He touched his mouth, fingers stained pink. Billy stared at him, eyes hard, sharp, angry. Fire burned behind them. Steve hadn't seen rage like that in a long time.

They stared at each other, Steve bewildered, Billy angry, for a long stretch of silence. Then Billy downed his shot, stood and walked away.

The slamming of the front door echoed in Steve's ears long after Billy had gone.

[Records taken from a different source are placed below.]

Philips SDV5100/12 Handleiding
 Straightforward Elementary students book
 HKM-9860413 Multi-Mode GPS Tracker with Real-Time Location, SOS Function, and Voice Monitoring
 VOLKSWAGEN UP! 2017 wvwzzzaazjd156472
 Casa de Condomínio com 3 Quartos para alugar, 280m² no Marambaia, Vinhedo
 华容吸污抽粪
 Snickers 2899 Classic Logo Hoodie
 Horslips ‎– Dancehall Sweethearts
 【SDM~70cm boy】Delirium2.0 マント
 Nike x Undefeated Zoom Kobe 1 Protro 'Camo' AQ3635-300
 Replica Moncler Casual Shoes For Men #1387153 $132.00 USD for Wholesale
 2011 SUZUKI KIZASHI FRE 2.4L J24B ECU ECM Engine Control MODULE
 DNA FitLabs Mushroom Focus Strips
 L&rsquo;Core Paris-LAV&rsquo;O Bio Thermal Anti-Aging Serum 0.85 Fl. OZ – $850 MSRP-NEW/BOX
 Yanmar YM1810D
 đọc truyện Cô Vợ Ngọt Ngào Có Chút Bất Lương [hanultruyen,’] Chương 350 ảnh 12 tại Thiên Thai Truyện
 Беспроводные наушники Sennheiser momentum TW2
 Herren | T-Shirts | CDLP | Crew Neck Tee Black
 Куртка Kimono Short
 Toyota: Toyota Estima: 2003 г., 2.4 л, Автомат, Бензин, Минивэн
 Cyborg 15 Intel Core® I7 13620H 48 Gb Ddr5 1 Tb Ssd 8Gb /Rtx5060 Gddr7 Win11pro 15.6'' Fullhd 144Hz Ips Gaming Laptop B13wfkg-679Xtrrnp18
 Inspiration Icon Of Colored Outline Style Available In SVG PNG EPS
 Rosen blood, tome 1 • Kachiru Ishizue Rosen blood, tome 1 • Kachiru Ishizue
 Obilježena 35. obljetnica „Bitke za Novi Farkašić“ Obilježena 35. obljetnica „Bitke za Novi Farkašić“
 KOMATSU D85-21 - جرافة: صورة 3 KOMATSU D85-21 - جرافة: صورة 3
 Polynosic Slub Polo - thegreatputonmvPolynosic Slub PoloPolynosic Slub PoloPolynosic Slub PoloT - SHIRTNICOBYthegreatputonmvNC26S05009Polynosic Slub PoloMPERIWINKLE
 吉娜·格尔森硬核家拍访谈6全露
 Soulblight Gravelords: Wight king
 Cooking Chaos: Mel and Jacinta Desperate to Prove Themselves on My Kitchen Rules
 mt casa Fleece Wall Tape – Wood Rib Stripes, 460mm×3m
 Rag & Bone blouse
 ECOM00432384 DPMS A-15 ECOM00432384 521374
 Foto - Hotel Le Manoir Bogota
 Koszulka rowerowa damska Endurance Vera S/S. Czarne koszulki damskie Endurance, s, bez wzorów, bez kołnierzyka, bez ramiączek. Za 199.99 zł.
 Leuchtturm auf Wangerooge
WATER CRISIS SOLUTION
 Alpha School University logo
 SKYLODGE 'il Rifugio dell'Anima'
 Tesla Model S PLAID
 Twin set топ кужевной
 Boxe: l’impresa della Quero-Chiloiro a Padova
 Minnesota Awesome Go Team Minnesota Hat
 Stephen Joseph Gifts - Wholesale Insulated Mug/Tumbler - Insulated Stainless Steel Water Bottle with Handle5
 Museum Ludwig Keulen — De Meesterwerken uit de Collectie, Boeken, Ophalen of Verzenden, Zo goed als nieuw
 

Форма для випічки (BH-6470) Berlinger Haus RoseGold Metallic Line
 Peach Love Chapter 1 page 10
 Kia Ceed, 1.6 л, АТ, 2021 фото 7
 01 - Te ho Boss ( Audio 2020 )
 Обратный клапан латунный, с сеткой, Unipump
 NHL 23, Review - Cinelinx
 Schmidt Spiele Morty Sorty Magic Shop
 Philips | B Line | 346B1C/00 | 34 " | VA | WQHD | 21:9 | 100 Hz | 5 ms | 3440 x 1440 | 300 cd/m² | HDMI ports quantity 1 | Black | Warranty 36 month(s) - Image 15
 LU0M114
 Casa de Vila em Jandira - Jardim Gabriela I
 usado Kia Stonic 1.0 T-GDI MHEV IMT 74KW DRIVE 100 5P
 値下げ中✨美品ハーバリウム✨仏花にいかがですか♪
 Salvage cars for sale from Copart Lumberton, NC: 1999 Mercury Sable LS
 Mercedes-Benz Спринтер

**Notes for the Chapter:**

> On January 20, 1985, a sudden cold snap took America in its cold as hell grip and didn't let it go for three days. It set new records across the country for lows and snow fall, and caused Reagan's inauguration parade to be cancelled. According to a map I found, Indiana was struck with -16F to -25F lows, which is basically a normal winter day where I live. Since Hawkins doesn't have a definite location outside of being probably near Indianapolis, I'm putting it closer to the colder areas.
> 
> You can find me on Tumblr @ celoica.


	3. Chapter 3

**Summary for the Chapter:**

> “You didn't take your jacket?” Steve demanded, eyes widening as he caught sight of Billy. Crouched next to the fireplace, where he burned what looked like damp logs and old newspaper, pale and shivering, a glare of ice directed at Steve. Next to him was a pile of old blankets, moth-bitten and threadbare.
> 
> Billy bared his teeth. “Fuck you, Harrington. What the fuck are you doing here?”
> 
> “Watch your language,” Hopper said mildly, unzipping his jacket and shrugging out of it.
> 
> Billy stood slowly, fists curling at his sides. Steve eyed him warily. Would he hit him again? In front of the Chief? Probably, he decided after a moment, watching as he batted away Hopper setting his jacket on his shoulders.
> 
> “Would you fuck off?”
> 
> “Language,” Hopper said again, just as mildly.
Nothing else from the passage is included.